On the names of datasets in GDAL virtual file systems

Sean Gillies

Hi all,

As you know, GDAL has a virtual filesystem abstraction [1] wherein datasets are treated as ordinary files at special, private mount points like /vsis3/, /vsihdfs/, /vsiswift/, etc. Rasterio can open datasets using these paths, but favors web-style URIs formatted like "scheme://authority/path".

AWS S3 was the first virtual filesystem supported by Rasterio and we standardized on "s3://bucket/key" for the names of S3 objects. "s3" is not a registered URI scheme, but is used by the AWS CLI and in other projects. Note that AWS more formally uses URNs to identify resources [2].

Apache Hadoop introduced a "hdfs" scheme [3] and it seems good to reuse that in Rasterio instead of /vsihdfs/.

"gs" is used for Google Storage in the context of gsutil and BigQuery [4] and we've followed suit.

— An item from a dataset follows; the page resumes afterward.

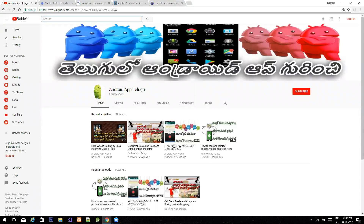Hello friends, welcome to my channel. Please subscribe to my channel. Today's topic, I am going to talk about 4 useful websites.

As we add support for new storage systems, I'm discovering that some have no concept of a URI scheme. OpenStack Swift is one of these.

I'd like to take the temperature of this group on whether to coin a URI scheme for OpenStack Swift or to punt for now, rely on /vsiswift/ filenames, and see if the Swift project and its users rally around a particular URI scheme. Thoughts?


Sean Gillies